This week's book giveaway is in the Servlets forum.
We're giving away four copies of Murach's Java Servlets and JSP and have Joel Murach on-line!
See this thread for details.
The moose likes Java in General and the fly likes TIFF. DOC, EXCEL to PDF Converter Big Moose Saloon
  Search | Java FAQ | Recent Topics | Flagged Topics | Hot Topics | Zero Replies
Register / Login


Win a copy of Murach's Java Servlets and JSP this week in the Servlets forum!
JavaRanch » Java Forums » Java » Java in General
Bookmark "TIFF. DOC, EXCEL to PDF Converter" Watch "TIFF. DOC, EXCEL to PDF Converter" New topic
Author

TIFF. DOC, EXCEL to PDF Converter

Anup Bansal
Ranch Hand

Joined: Sep 12, 2006
Posts: 69
Hi,

I need to write an application that converts a TIFF image/Word document/Excel to a PDF document and stroes it in the database.
It should be possible to later create a single TIFF images from this PDF document.

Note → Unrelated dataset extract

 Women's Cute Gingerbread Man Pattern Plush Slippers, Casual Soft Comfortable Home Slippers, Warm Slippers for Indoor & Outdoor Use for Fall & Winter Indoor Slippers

Can anyone please suggest APIs I could use to realise the above?
Can all this be achieved using the Java Advanced Imaging API (JAI)?

Thanks in advance,
Anup
Ulf Dittmer
Marshal

Joined: Mar 22, 2005
Posts: 41029
    
  43
Creating a PDF that contains nothing but an image is quite easy using the iText library; its web site has an example that shows how to do that.

Converting Excel files is not hard; the Apache POI library can be used for reading the Excel file, and then again the iText library can be used for creating PDFs that contain tables.

Word can be dealt with in a similar manner (POI also supports it), but it'll be quite a bit tricker, especially if the file contains tables and images, since the POI API for handling DOC/DOCX isn't as advanced as the one handling XLS/XLSX, and of course Word files have a less regular structure than Excel files.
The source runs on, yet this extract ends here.